# EXERCISE GOAL:
Please restate the entries verbatim. The copy should hold no pictures.

Stored data entries

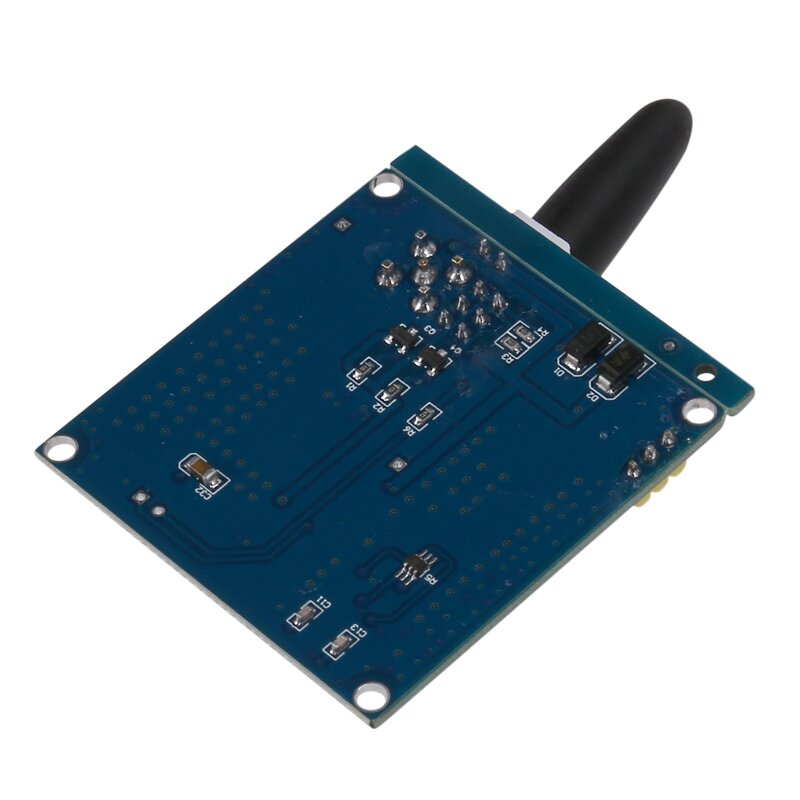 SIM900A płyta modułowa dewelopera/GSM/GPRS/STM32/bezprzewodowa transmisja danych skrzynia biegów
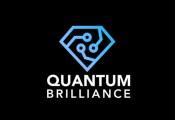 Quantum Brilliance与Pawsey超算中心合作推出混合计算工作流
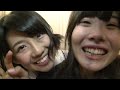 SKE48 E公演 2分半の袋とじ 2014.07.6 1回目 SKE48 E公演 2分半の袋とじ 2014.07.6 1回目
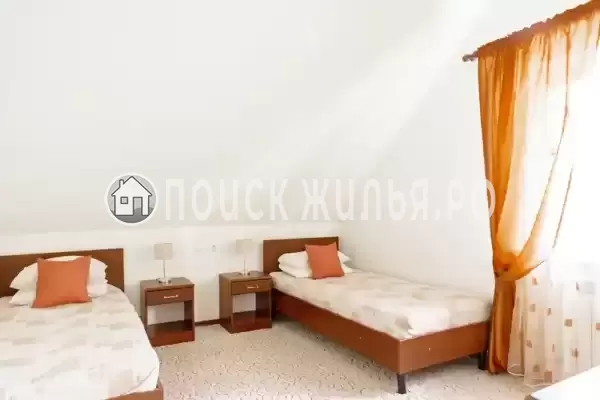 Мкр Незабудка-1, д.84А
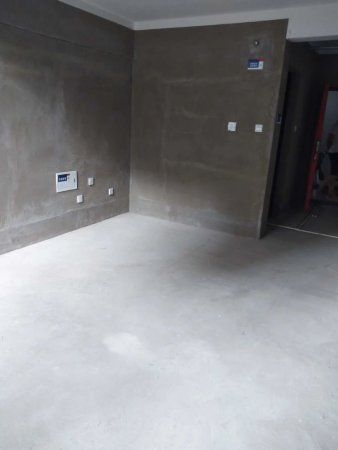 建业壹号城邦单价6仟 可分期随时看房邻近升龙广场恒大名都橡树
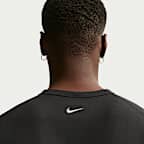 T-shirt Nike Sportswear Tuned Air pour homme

# REPLY:
 SIM900A płyta modułowa dewelopera/GSM/GPRS/STM32/bezprzewodowa transmisja danych skrzynia biegów
 Quantum Brilliance与Pawsey超算中心合作推出混合计算工作流
 SKE48 E公演 2分半の袋とじ 2014.07.6 1回目 SKE48 E公演 2分半の袋とじ 2014.07.6 1回目
 Мкр Незабудка-1, д.84А
 建业壹号城邦单价6仟 可分期随时看房邻近升龙广场恒大名都橡树
 T-shirt Nike Sportswear Tuned Air pour homme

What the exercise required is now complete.